### What needs to be done
The entries that follow include a run beginning at the line with "Logan 50x65cm Bedside" and ending at the line with "Featured listing image: Galentines"; restate that run word for word and leave the rest out.
━━ Recorded information ━━
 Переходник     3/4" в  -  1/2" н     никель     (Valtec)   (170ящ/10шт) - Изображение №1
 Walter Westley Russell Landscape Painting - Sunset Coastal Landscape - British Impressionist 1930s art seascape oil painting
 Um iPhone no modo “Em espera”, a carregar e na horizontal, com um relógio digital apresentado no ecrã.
━━━
━━ Recorded information ━━
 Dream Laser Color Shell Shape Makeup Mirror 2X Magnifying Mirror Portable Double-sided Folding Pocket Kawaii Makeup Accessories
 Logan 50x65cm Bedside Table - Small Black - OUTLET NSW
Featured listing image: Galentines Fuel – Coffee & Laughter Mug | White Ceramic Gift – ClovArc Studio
━━━
━━ Recorded information ━━
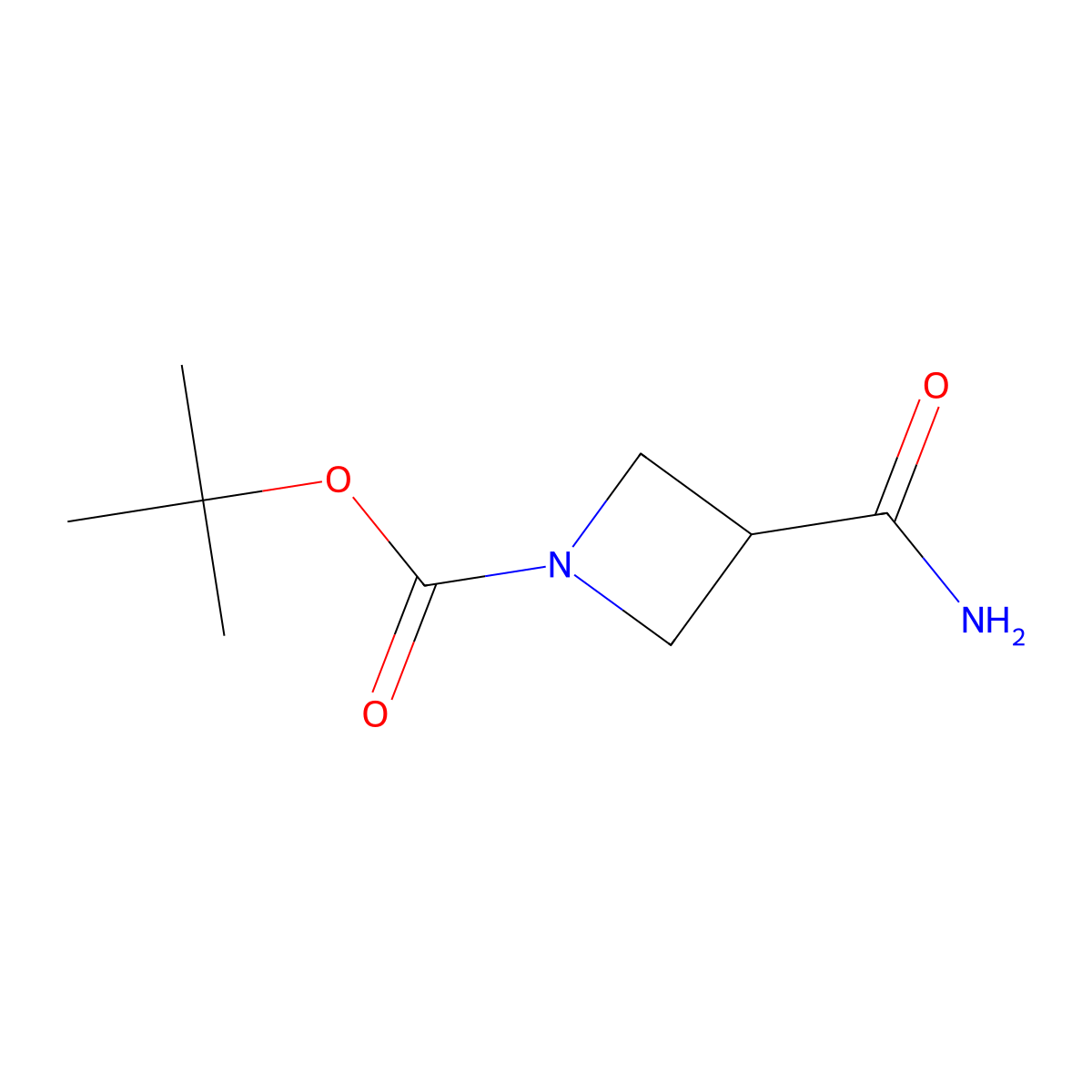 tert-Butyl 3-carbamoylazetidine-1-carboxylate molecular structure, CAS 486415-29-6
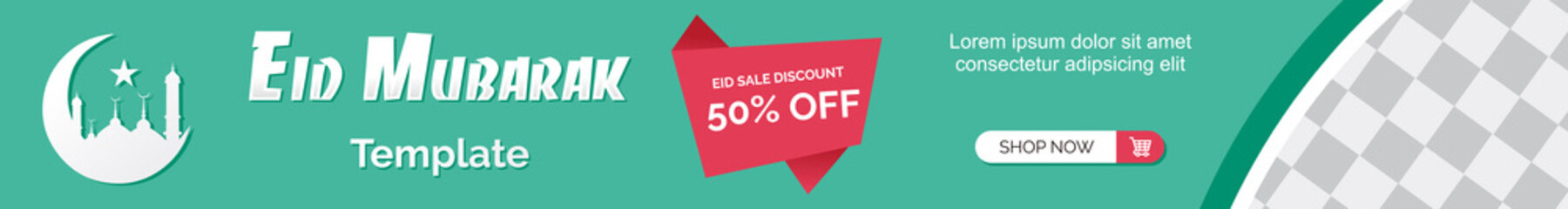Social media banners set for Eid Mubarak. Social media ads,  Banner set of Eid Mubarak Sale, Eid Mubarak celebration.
━━━
### Problem solution
 Logan 50x65cm Bedside Table - Small Black - OUTLET NSW
Featured listing image: Galentines Fuel – Coffee & Laughter Mug | White Ceramic Gift – ClovArc Studio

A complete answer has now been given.